*Stored data*.
————————

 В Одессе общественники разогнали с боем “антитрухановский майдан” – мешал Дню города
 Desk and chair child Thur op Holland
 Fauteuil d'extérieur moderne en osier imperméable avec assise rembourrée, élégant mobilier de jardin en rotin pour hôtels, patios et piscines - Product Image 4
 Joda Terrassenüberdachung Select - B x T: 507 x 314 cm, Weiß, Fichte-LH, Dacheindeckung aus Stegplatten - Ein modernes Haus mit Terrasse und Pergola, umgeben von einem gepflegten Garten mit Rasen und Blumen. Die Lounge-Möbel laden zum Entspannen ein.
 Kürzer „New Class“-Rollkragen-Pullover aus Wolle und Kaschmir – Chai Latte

————————

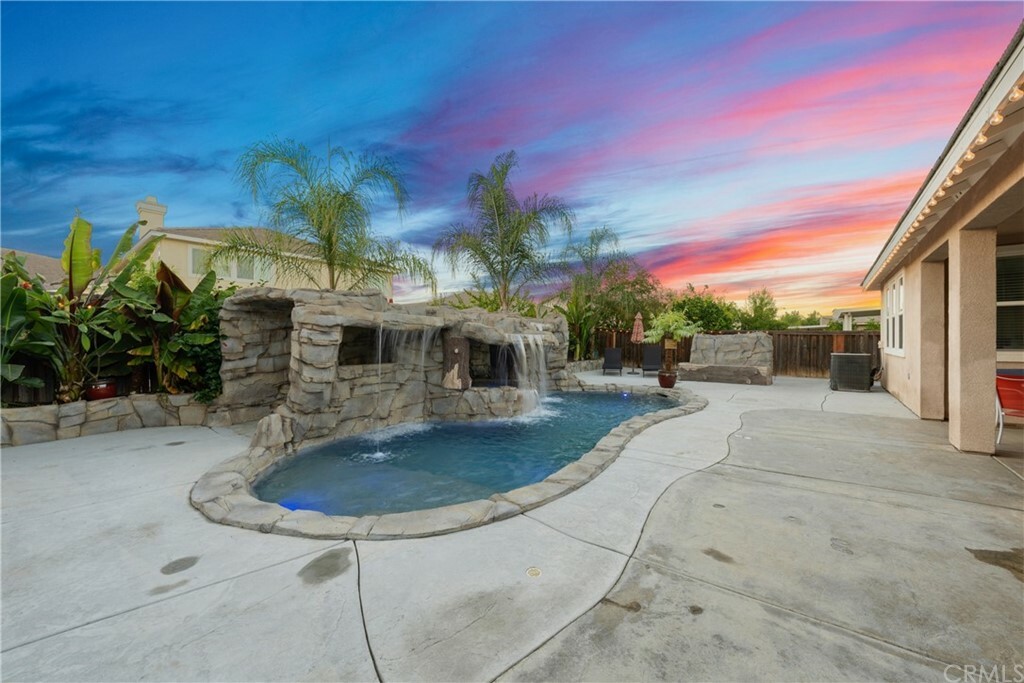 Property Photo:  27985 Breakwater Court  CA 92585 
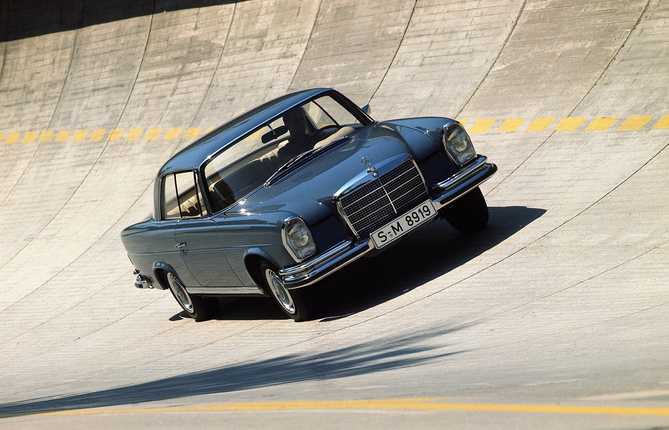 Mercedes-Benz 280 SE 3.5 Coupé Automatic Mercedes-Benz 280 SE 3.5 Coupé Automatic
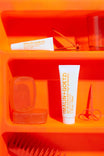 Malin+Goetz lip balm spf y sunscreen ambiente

————————

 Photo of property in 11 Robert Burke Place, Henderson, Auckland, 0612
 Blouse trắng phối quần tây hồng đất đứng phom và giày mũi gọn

————————

*Aim of the exercise*. In the entries above, the lines between the one holding "Photo of property" and the one holding "Blouse trắng phối", inclusive, are to be printed exactly as written, and those alone.

*Answer area*.
 Photo of property in 11 Robert Burke Place, Henderson, Auckland, 0612
 Blouse trắng phối quần tây hồng đất đứng phom và giày mũi gọn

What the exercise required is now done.